→ **TASK REQUIREMENTS**: Find the word "Print" in the listing, and copy out each line where it turns up.

→ **INFORMATION**:
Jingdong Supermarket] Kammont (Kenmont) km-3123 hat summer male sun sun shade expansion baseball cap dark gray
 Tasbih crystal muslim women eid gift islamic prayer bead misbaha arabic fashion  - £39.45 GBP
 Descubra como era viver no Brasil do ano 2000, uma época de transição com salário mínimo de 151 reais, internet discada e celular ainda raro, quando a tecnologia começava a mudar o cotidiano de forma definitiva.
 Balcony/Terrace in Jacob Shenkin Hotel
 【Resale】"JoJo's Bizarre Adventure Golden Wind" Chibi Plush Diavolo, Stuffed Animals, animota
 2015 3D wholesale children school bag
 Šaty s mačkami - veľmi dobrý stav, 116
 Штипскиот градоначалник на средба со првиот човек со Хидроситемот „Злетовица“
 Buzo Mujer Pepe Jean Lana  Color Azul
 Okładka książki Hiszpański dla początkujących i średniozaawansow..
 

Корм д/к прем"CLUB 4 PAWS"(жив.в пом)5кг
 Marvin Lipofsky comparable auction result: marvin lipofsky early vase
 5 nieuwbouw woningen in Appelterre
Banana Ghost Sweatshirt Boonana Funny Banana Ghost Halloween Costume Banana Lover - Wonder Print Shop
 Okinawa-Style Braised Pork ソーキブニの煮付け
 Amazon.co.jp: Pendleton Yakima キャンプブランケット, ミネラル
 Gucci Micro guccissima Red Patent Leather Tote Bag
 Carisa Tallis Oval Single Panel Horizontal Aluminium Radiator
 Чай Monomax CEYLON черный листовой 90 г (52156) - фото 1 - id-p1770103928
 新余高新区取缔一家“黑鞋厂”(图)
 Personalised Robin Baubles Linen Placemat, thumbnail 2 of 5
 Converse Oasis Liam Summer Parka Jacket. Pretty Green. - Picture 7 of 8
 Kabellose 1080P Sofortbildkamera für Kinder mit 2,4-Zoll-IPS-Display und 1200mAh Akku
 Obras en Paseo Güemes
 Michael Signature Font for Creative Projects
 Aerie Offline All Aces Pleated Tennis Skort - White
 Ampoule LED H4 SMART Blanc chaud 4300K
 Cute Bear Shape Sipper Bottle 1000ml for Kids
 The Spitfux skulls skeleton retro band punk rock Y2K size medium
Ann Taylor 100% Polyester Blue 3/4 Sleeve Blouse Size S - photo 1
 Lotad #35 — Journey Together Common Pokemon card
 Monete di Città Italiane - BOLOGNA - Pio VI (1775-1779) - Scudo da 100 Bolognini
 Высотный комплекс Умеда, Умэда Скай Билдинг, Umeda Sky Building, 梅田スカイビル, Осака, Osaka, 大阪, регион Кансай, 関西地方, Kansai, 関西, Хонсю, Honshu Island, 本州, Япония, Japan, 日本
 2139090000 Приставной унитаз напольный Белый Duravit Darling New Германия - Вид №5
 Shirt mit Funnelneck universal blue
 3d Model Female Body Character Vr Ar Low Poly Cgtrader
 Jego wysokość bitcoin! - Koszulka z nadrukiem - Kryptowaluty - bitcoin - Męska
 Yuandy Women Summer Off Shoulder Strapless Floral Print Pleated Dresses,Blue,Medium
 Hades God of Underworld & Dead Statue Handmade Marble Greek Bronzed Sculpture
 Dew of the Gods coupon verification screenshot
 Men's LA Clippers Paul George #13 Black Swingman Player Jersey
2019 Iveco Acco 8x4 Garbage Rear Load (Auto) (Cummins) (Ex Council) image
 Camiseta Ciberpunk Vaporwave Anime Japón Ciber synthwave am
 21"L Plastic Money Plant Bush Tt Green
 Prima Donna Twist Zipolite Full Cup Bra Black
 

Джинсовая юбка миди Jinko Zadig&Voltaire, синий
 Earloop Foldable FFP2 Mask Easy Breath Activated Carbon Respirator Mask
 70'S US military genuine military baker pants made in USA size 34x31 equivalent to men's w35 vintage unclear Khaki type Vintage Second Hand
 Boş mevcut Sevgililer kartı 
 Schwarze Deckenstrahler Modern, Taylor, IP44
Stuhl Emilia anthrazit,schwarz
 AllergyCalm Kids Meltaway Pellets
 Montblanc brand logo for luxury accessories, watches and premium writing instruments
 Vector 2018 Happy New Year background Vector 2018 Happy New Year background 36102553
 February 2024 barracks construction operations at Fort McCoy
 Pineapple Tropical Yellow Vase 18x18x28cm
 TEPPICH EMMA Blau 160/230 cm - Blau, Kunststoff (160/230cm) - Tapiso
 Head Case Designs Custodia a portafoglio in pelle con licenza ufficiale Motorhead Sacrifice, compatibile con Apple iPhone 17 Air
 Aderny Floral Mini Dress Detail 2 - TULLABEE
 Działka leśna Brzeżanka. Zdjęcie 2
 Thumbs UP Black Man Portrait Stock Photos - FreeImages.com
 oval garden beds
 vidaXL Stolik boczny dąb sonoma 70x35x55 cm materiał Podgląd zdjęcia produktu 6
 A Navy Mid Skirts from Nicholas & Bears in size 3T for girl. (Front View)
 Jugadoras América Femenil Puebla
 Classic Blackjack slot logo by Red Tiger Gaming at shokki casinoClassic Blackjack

→ **WRITTEN SOLUTION**:
Banana Ghost Sweatshirt Boonana Funny Banana Ghost Halloween Costume Banana Lover - Wonder Print Shop
 Yuandy Women Summer Off Shoulder Strapless Floral Print Pleated Dresses,Blue,Medium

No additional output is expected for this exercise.